Technische Lösungen reichen nicht

„Mit technischen Neuerungen allein ist das Problem allerdings nicht zu lösen“, sagte Schäuble an die Adresse all derjenigen, die glauben, es braucht nur Innovationen und intelligente neue Technologien. „Wir müssen auch die Art, wie wir produzieren und konsumieren ändern“, eine „Zivilisationswende ohne historisches Beispiel meistern“. Und das Ganze auch noch unter enormem Zeitdruck. Das Klimapaket der Bundesregierung, inklusive einer CO2-Bepreisung, sei deshalb ein wichtiger Schritt in diese Richtung.

Die Gastgeber beim anschließenden Empfang: Marlehn Thieme, Präsidentin der Welthungerhilfe und KfW-Bereichsleister Stephan Opitz
Die Gastgeber beim anschließenden Empfang: Marlehn Thieme, Präsidentin der Welthungerhilfe und KfW-Bereichsleister Stephan Opitz.

KfW-Bereichsleiter Stephan Opitz, der in den Abend einführte, mahnte ebenfalls ein neues Handeln und Denken in Bezug auf Ernährungssicherheit und Klimawandel an. Vor allem bei der Anpassung an die Folgen der Erderwärmung sei noch viel zu tun: Wasser effizienter nutzen, angepasste Arten und Sorten anbauen, Nahrungsmittelverluste vermindern und Klimarisiken absichern, nannte er als Beispiele für bedeutsame Maßnahmen.
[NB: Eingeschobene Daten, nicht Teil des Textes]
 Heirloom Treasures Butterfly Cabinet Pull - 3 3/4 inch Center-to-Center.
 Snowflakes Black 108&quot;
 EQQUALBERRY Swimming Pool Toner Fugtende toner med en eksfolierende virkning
All das fördert die KfW, die sich als Klimabank versteht, bereits. „Aber um Hunger in Zeiten des Klimawandels wirksam zu bekämpfen, brauchen wir neben Einzelengagements vor allem eine systematischere und großflächigere Herangehensweise“, zum Beispiel in Form internationaler Kooperationen und Allianzen.
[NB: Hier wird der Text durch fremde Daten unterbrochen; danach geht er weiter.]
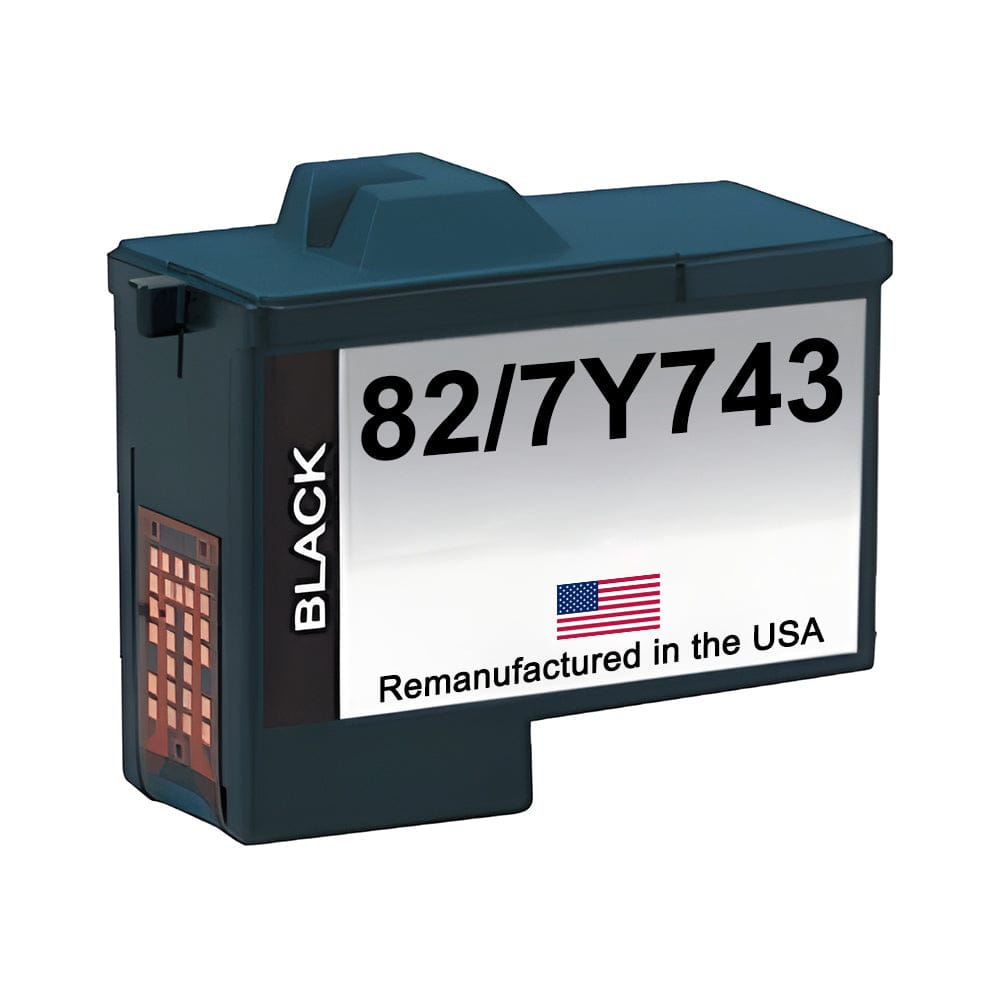 U.S. Remanufactured for Dell Series 2 7Y743 and Lexmark #82 Black Universal Cartridge - Allprintheads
Auch die Präsidentin der Welthungerhilfe, Marlehn Thieme, beklagte den Lebensstil und die Art des Wirtschaftens und Konsumierens der Industriestaaten, weil er die Ernährungssituation in anderen Weltgegenden gefährde. „Deshalb ist es jetzt höchste Zeit, dafür Verantwortung zu übernehmen.“ Die Maßnahmen sowohl im Kampf gegen den Hunger als auch gegen den Klimawandel müssten noch deutlich ambitionierter werden, forderte sie.
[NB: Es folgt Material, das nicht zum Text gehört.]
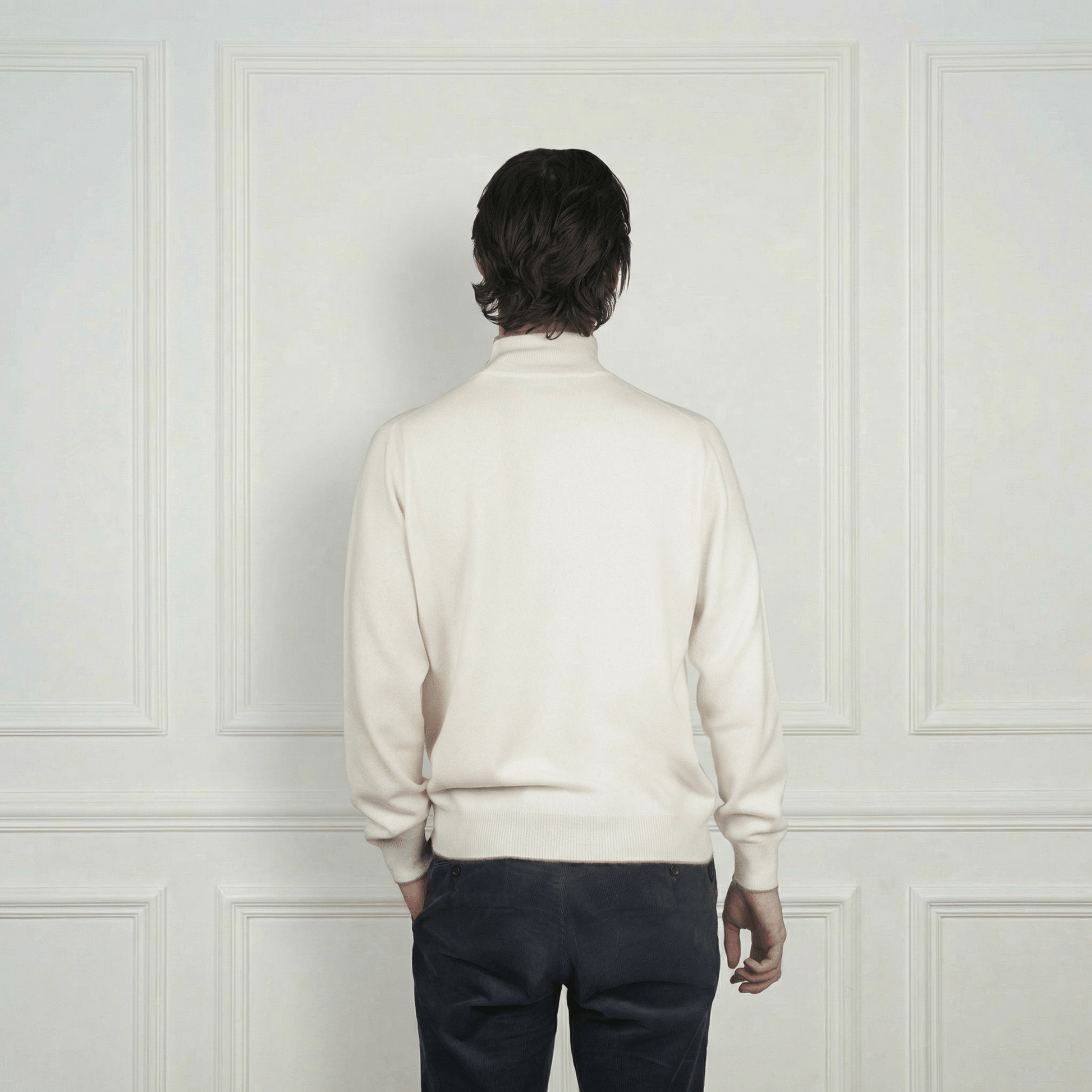 Leo Two - Way Cashmere Cardigan - Blue Sky Cashmere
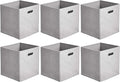 Amazon Basics Collapsible Cube Storage Organizer Bins, 10.5 x 10.5 x 11 inches by AmazonBasics
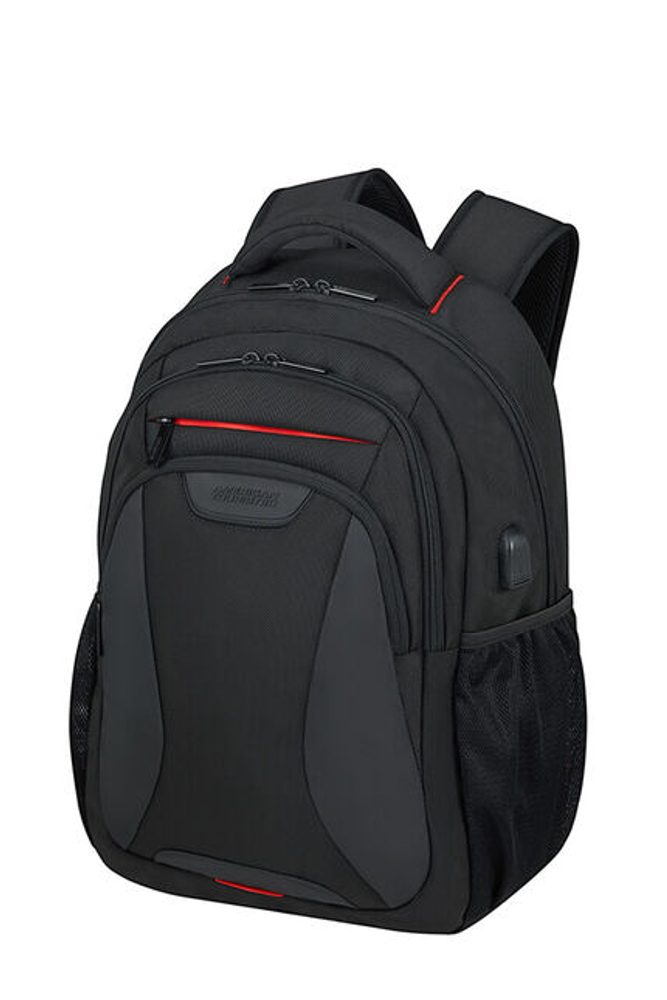 Levně American Tourister Batoh na notebook AT Work 15,6'' ECO USB 25 l - černá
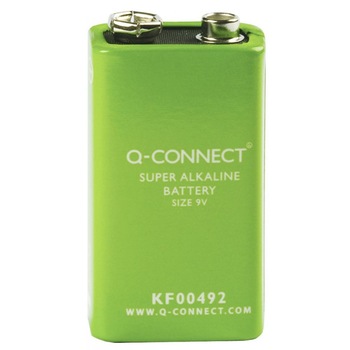 Baterie Alcalina Q-CONNECT R61, 9 V, 1 Buc/Set Baterie Alcalina Q-CONNECT R61, 9 V, 1 Buc/Set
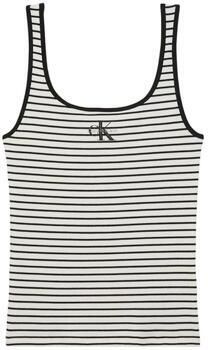 Calvin Klein Jeans Top met bandjes in ribbel-look met logo - Foto 6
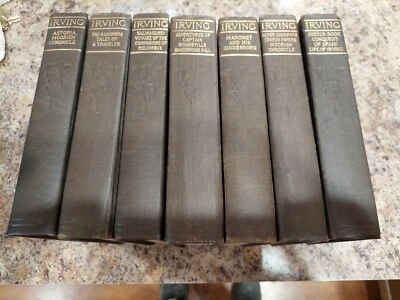Lot of 7 Washington Irving Books - Co-Operative Publication - Image 1 of 4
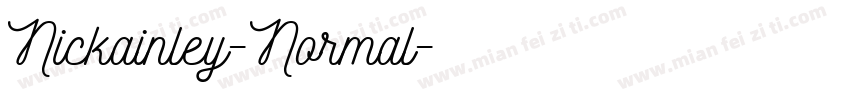 Nickainley-Normal字体转换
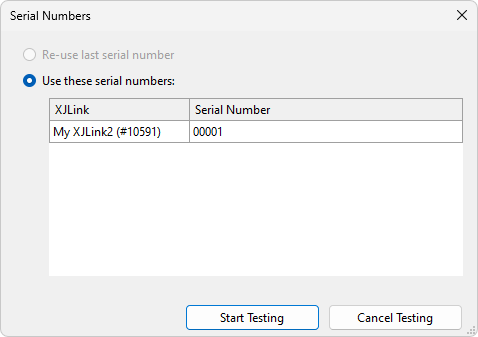 Serial number prompt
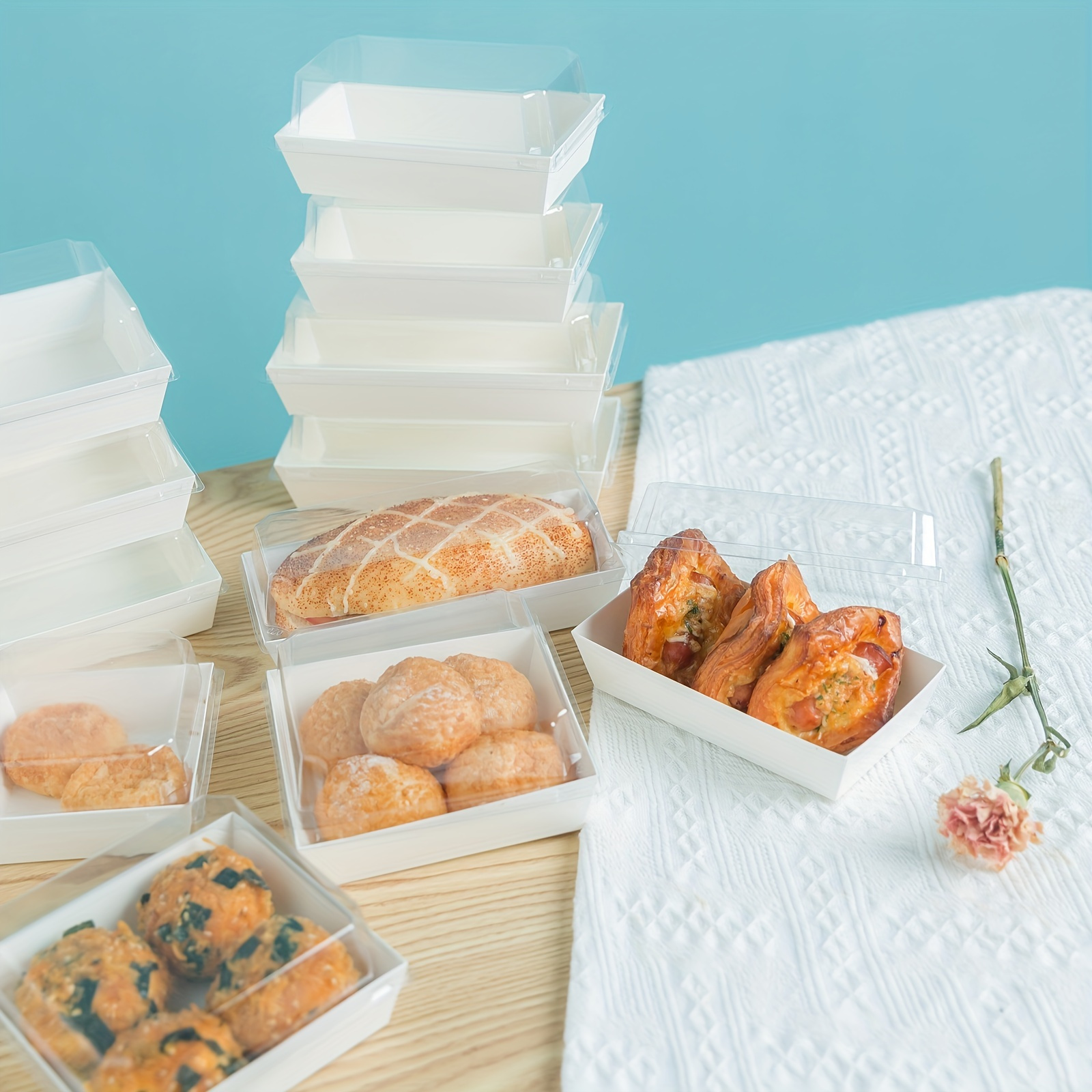 Cake Containers, Disposable Paper Pulp Lunch Box, Hamburger Box Bento Cake  Box Square Packing Box, Bakery Take Out Containers - Temu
Klimawandel erhöht den Stress

Darin stimmten auch die Teilnehmer und Teilnehmerinnen einer anschließenden Podiumsdiskussion überein, nicht zuletzt, weil „der Klimawandel ein Stress-Multiplikator ist“, wie eine Teilnehmerin sagte. Er kann Konflikte anheizen, Wetterextreme intensivieren, Not verschärfen oder Migrationsbewegungen auslösen – und alle diese Faktoren verstärken ihrerseits wieder den Hunger. Insofern besteht eine enge Verbindung zwischen Hunger und Klimawandel.

Umso wichtiger sei es, Landwirtschaft so effizient und umweltschonend wie möglich zu betreiben und dabei möglichst auch noch zum Klimaschutz beizutragen. Chancen sahen die Redner dafür noch eine ganze Menge, zum Beispiel durch Rehabilitierung von Land oder durch Kohlenstoffbindung in Böden, aber entscheidend ist: „Wir müssen handeln.“ Das war auch ein Fazit des Bundestagspräsidenten, der sagte: „Untätig bleiben, können wir uns nicht leisten.“

KfW und Welthungerhilfe vertiefen Zusammenarbeit

Vor der Veranstaltung hatten die beiden Gastgeber – die Welthungerhilfe und KfW – eine schon bestehende Kooperationsvereinbarung förmlich verlängert. Darin sichern sich beide Seiten zu, ihre Zusammenarbeit zu vertiefen. Das schließt Projekte vor Ort ein. Dazu gehören aber auch gemeinsame Veranstaltungen, wie die anlässlich der Veröffentlichung des jährlichen Welthungerindexes am 16. Oktober, zu der KfW und Welthungerhilfe bereits zum 7. Mal eingeladen hatten.

Podiumsdiskussion
Mathias Mogge, Generalsekretär der Welthungerhilfe, und KfW-Abteilungsleiterin Barbara Schnell unterzeichnen eine neue Kooperationsvereinbarung.